Knaus: Genau. Wenn die EU 100 000 Leute oder mehr im nächsten Jahr aus der Türkei umsiedeln will, dann muss das jemand organisieren. Denn man muss die Identität der Leute feststellen, Sicherheitsüberprüfungen machen und glaubwürdig zeigen, dass man bereit ist, die Leute aufzunehmen. Wenn man diesen Apparat nicht aufbaut, dann zeigt man, dass dieses Versprechen nicht ernst gemeint ist. Dabei gibt ja sicherlich zehntausende Flüchtlinge allein in der Türkei, die als Verwandte von bereits in Europa lebenden Asylantragstellern oder Flüchtlingen eine enorme Motivation und auch das Recht haben, einen Weg zu ihren Angehörigen zu finden, der nicht über die Ägäis oder über Schlepper führt.

SPIEGEL: Die griechische Regierung sagt, Europa brauche in der Flüchtlingskrise einen Plan B. Wie könnte der aussehen?

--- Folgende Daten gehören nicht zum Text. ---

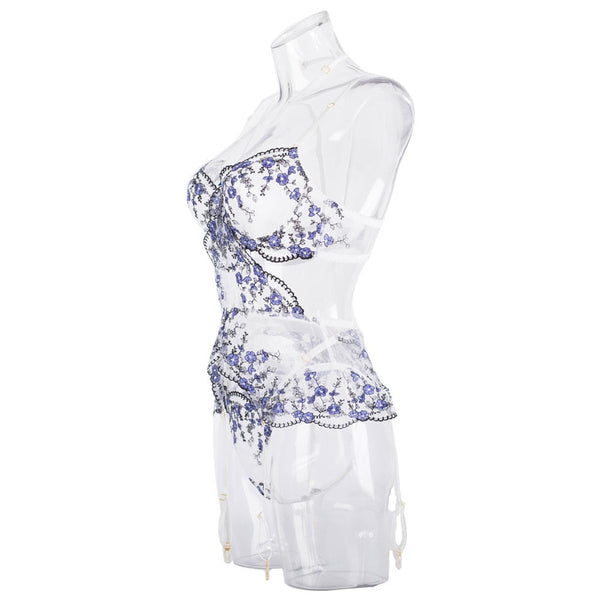 Fairy Lingerie Luxury Floral Transparent Sheer Lace Bra And Panties Size Chart Bras & Bra Sets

Knaus: Es gibt ja bereits eine Art Plan B, der bei immer mehr europäischen Regierungen auf Sympathie stößt, der allerdings um vieles aufwendiger, unsicherer und teurer wäre als das bestehende Abkommen umzusetzen. Davor warnt auch UNHCR eindringlich. Es ist der alte Plan von Viktor Orbán: eine australische Lösung, die darauf setzt, dass Flüchtlinge die EU zwar erreichen können, aber dann dort festgehalten werden, ähnlich wie das Australien auf der Pazifik-Insel Nauru macht. Der österreichische Aussenminister hat in den vergangenen Wochen immer wieder davon gesprochen, dass man von der australischen Erfahrung lernen könne, er hat allerdings nicht gesagt, ob das dann noch mit der Flüchtlingskonvention in Einklang gebracht werden muss. Oder wo diese Insel ist.

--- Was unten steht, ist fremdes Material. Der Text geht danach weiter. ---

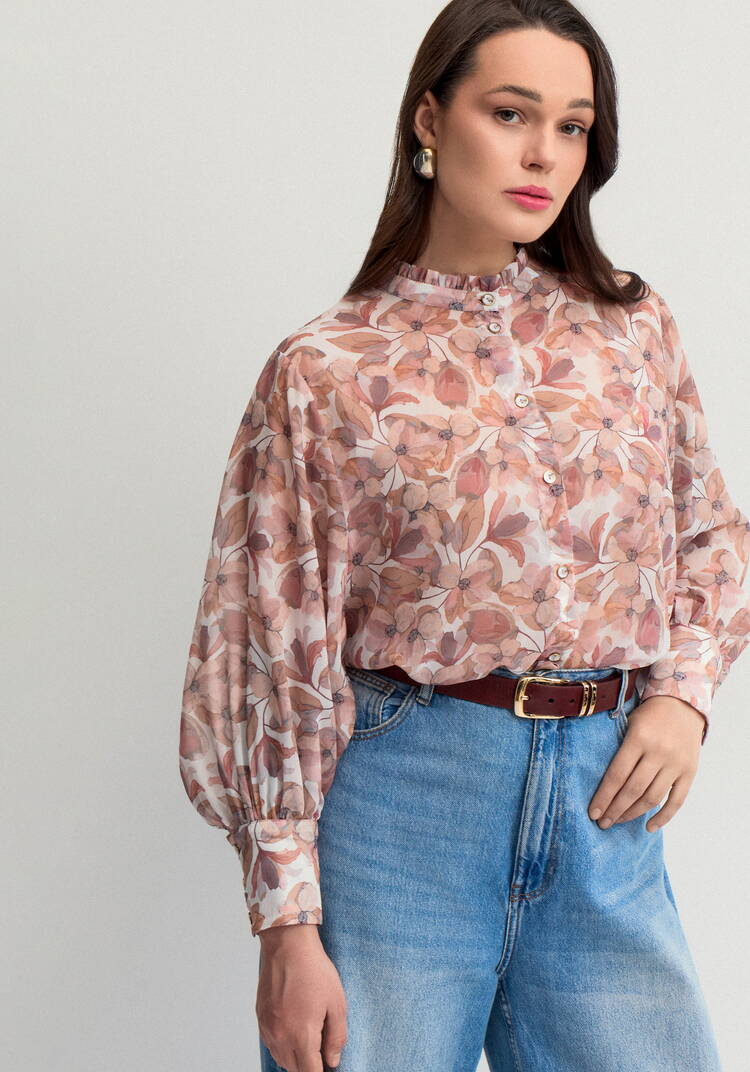 Блуза легкая с цветочным принтом шир.  750, рис. 7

SPIEGEL: Das wäre dann ganz Griechenland, inklusive des Festlands.

Knaus: Ja. Die EU würde darauf setzen, dass die Bedingungen in Griechenland so schlecht wären, dass die Leute aus eigenem Interesse in der Türkei oder in Afghanistan blieben. Um das zu verstärken, würden noch die Grenzen auf dem Balkan militarisiert. Statt der Türkei ist die EU dann von Mazedonien und Serbien abhängig. Diese Entwicklung wird eintreten, wenn man sich vom EU-Türkei-Plan verabschieden sollte. Die Belastungen wären nicht nur für Griechenland, sondern für ganz Europa immens und in ihren Konsequenzen unüberschaubar.